Digital Signature - RSA vs ECDSA
A common way to validate the integrity of data and to authenticate the creator of the data is the use of digital signatures. This is a step up from a simple checksum, which can only be used for integrity checks. For authentication, digital signature algorithms use public key cryptography with a key pair of public and private key. The private key is kept secret by its owner and used to create a digital signature. The public key can be shared and is used to verify that data has been signed with the private key and as such has been created by the private key owner (authentication) and has not been modified afterwards (integrity).
What are the differences between RSA and ECDSA? Which algorithm should be used in embedded systems?
For comparison of different cryptographic algorithms, the level of security which each algorithm provides should be known.
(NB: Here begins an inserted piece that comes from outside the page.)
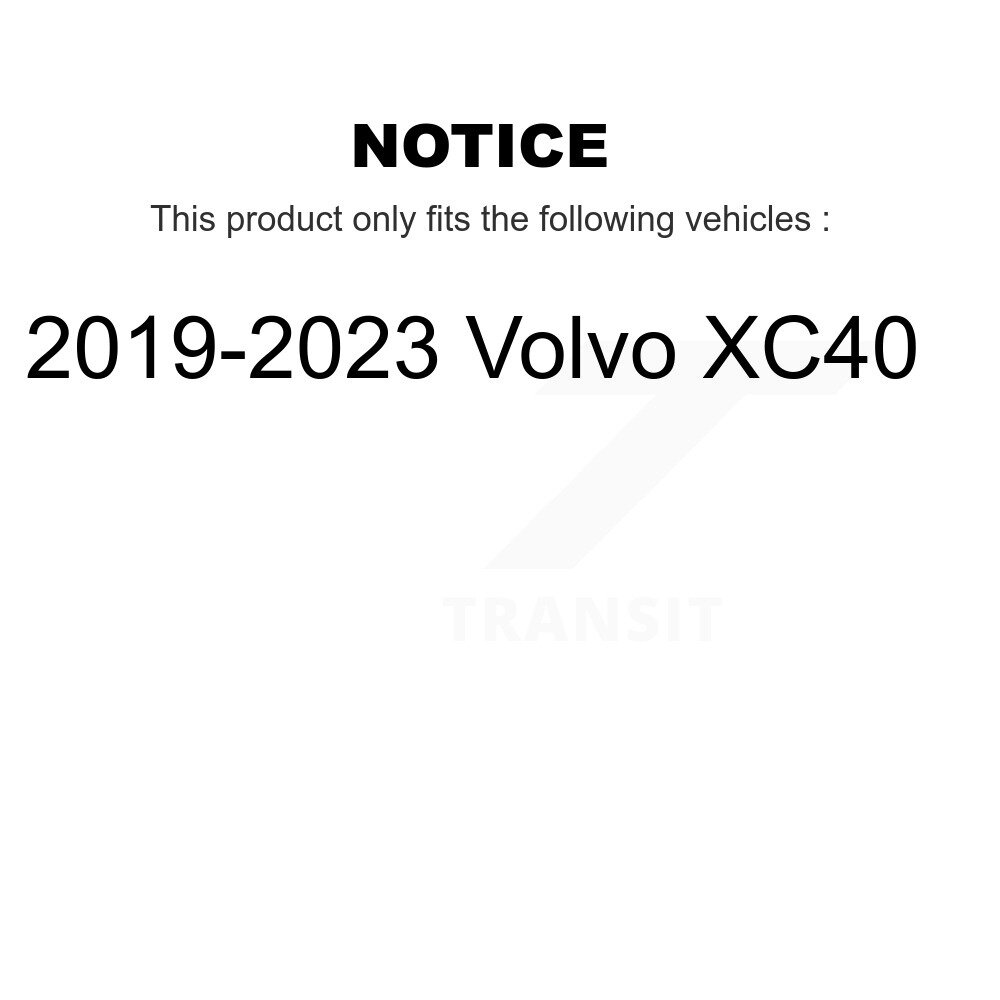 Positive Plus - PPF-D2136 - Semi-Metallic Brake Pads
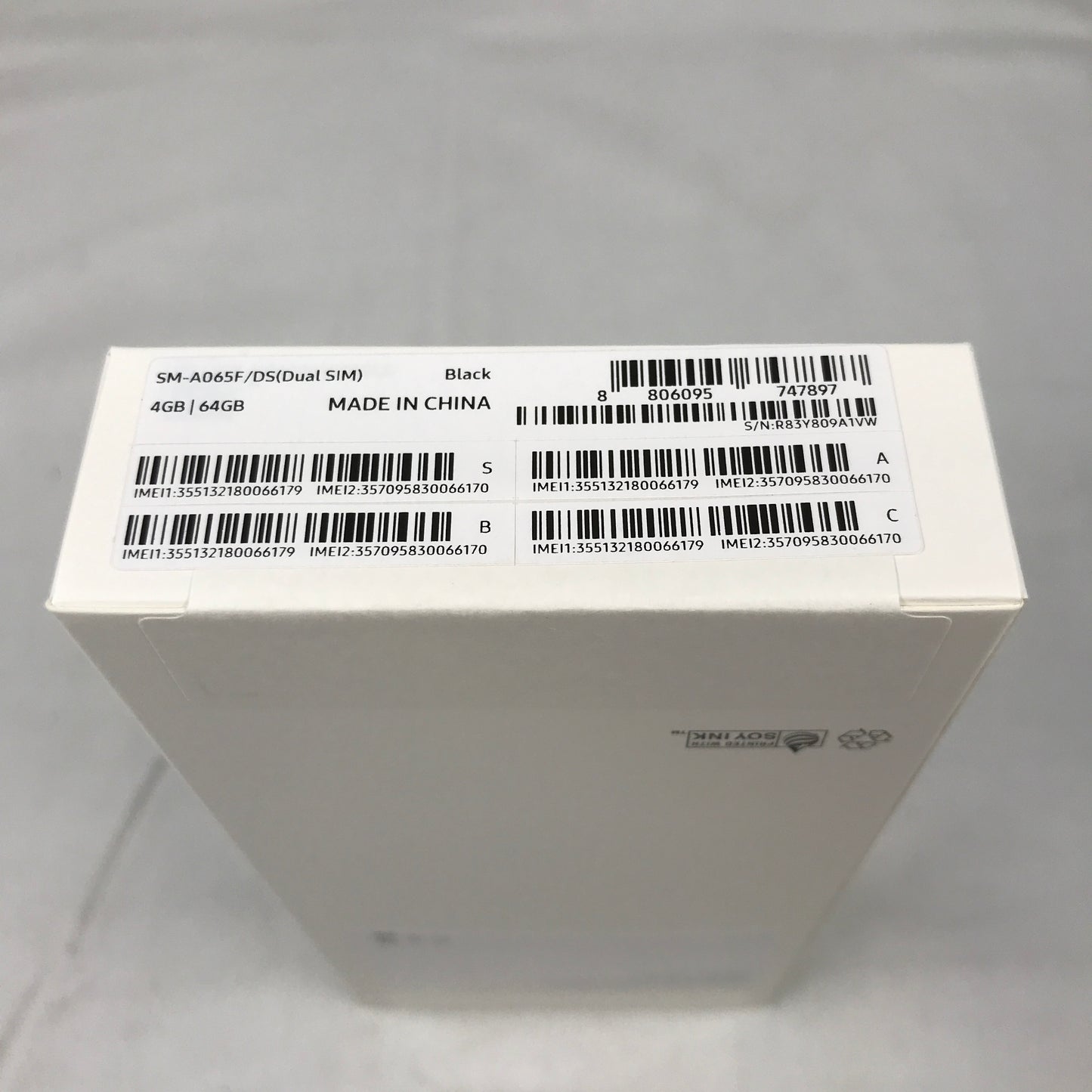 Samsung Galaxy A06 4G LTE (64GB + 4GB) 6.7" Dual Sim Phone - Black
Different researches and papers analyzed how secure algorithms are, e.g. how long will it take until the algorithms could be broken (with reasonable resources).
The security level is measured in bits and usually corresponds to a symmetric key cipher of that size.
With variable key length, RSA and ECDSA can achieve virtually any security level. This table describes the security level of common key lengths, which are used for further comparison.
|80 bits||1024 bits||160 bits|
|112 bits||2048 bits||224 bits|
|128 bits||3072 bits||256 bits|
|192 bits||7680 bits||384 bits|
|256 bits||15360 bits||512 bits|
In an embedded system, the implementation of RSA requires less code ROM (Flash) as well as a bit less dynamic memory (RAM) than ECDSA.
For most applications, the public key is also stored in ROM. ECDSA keys are significantly smaller than RSA keys at the same security level, and the savings get bigger with higher levels.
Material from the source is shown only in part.